Ice-Albedo Feedback: How Melting Ice Causes More Ice to Melt
Arctic sea ice is covered with snow all winter. Bright white, the snow-covered ice has a high albedo so it absorbs very little of the solar energy that gets to it. And during the Arctic winter, very little solar energy gets to it anyway. The Sun stays low on the horizon, days are short, and above the Arctic Circle there is at least one day of winter when the Sun does not make an appearance at all.
However, as summer approaches, the Sun climbs higher in the sky each day, and temperatures warm. The snow on the surface melts and the bare sea ice is exposed. Summer is a warmer time than winter, but it becomes even warmer as the ice changes and melts. The ice is darker in color than the snow. Melt ponds and cracks called leads forms in the ice, which are also darker in color. And where the ice has melted, dark ocean water is exposed. These changes decrease the albedo. With a lower albedo more solar energy is absorbed and less is reflected. This causes more ice to melt, which in turn lowers the albedo, causes more energy to be absorbed and more warming to occur.
Because Earth’s temperature is climbing as more greenhouse gases are released into the atmosphere, the snow on top of the ice melts earlier in the spring and temperatures drop to the chilly levels at which sea ice can form again little later in the fall. There is more time during the summer for the compounding cycle of melting ice, lowering albedo, trapping of more solar energy, and more ice to melt.
This process of a little warming causing more warming is called the ice-albedo feedback and it is one reason that the Arctic is very sensitive to changes in temperature. The ice-albedo feedback can turn a small climate change into a big climate change. The sea ice is melting rapidly in the Arctic Ocean. In about the past three decades the amount of ice covering the Arctic Ocean has dropped about a million square kilometers (about the size of Alaska). According to climate models that pace of ice melt will continue to quicken so much that that there may be no more summer sea ice within the next few decades.
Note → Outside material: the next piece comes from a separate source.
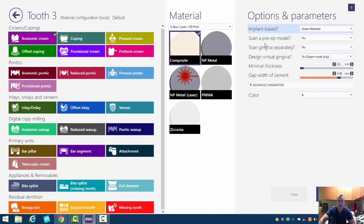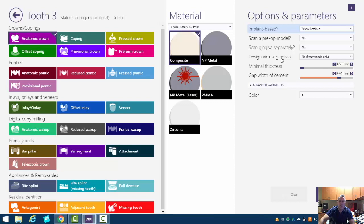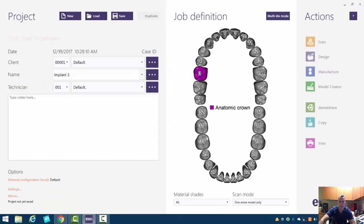Do you want to scan a pre-op model? No. Do we want to scan the gingiva separately? That's if you're importing a gingival mask from a lab case. So we don't want that either. Design virtual gingiva. Well, this is a very cool feature. But in this case, we've got a fairly good crown to implant ratio. And so I don't anticipate needing virtual gingiva. So we'll hit OK.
There have been times in Earth history when ice-albedo feedback has worked in the other direction. That is, climate cooled and more ice formed, albedo increased, which decreased the amount of sunlight absorbed, and climate became even cooler, which caused more ice to form. For example, at the end of the Proterozoic Era more than 800 million years ago, Earth went through a period where temperatures plummeted worldwide. This time is known as “Snowball Earth” because there is geologic evidence that ice formed worldwide, even near the equator and at low altitudes. Scientists have used computer models to test what could have caused this extraordinary cooling. They have found that a runaway ice-albedo feedback could have been the cause of the extreme and rapid cooling that caused “Snowball Earth”.